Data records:
——
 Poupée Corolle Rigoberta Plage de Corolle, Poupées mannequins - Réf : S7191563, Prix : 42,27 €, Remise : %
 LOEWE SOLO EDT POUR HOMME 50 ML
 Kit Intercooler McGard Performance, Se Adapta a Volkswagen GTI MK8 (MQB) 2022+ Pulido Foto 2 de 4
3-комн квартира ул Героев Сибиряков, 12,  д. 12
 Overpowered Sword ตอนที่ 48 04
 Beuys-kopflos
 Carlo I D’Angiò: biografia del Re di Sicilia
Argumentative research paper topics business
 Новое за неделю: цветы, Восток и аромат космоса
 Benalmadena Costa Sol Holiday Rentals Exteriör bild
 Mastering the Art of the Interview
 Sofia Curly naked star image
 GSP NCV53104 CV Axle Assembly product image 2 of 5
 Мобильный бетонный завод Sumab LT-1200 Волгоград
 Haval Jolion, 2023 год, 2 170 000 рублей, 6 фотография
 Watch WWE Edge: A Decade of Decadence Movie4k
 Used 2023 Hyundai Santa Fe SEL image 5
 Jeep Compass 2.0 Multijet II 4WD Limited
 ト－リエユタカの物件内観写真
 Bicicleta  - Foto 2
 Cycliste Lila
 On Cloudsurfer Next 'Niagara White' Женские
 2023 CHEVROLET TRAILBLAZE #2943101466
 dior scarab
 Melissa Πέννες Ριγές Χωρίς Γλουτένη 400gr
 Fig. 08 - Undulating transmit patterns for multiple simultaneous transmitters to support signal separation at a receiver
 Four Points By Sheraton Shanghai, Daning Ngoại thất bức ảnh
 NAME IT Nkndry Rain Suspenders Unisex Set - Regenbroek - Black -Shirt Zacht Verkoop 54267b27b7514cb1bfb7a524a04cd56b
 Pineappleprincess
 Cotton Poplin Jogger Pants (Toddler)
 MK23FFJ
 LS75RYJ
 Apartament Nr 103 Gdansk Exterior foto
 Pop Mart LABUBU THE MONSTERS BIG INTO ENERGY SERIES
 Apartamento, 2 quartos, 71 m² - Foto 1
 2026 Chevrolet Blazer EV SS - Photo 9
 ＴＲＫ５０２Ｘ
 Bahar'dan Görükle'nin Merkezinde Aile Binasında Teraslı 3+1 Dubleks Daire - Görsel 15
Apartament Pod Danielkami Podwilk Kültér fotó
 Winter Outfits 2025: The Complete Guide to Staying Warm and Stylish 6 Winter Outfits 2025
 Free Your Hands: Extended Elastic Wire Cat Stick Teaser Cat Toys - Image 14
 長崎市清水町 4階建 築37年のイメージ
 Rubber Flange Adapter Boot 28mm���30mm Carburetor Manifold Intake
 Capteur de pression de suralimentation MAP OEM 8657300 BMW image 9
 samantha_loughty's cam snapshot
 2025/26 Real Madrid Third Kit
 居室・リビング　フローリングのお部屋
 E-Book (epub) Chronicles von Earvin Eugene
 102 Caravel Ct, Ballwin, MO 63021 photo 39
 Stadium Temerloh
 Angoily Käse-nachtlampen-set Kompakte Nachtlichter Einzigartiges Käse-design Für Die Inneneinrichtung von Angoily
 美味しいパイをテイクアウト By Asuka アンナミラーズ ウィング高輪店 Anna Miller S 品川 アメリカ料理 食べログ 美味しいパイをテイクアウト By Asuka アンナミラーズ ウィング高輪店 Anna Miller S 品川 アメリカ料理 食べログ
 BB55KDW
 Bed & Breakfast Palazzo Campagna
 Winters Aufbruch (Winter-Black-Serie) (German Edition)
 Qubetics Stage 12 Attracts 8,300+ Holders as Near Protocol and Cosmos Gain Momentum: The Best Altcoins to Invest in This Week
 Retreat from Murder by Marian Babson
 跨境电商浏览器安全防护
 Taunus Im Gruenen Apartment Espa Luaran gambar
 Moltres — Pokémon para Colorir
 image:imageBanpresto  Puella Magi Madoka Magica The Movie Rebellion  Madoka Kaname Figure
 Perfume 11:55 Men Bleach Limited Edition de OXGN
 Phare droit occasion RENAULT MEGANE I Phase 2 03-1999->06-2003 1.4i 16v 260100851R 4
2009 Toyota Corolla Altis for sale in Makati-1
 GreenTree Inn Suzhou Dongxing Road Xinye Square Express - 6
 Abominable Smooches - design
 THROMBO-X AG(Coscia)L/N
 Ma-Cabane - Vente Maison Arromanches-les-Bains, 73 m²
——
WHAT YOU ARE ASKED TO DO: Whenever a line of the data includes the word "design", show that line in full.

SOLUTION BELOW:
 Angoily Käse-nachtlampen-set Kompakte Nachtlichter Einzigartiges Käse-design Für Die Inneneinrichtung von Angoily
 Abominable Smooches - design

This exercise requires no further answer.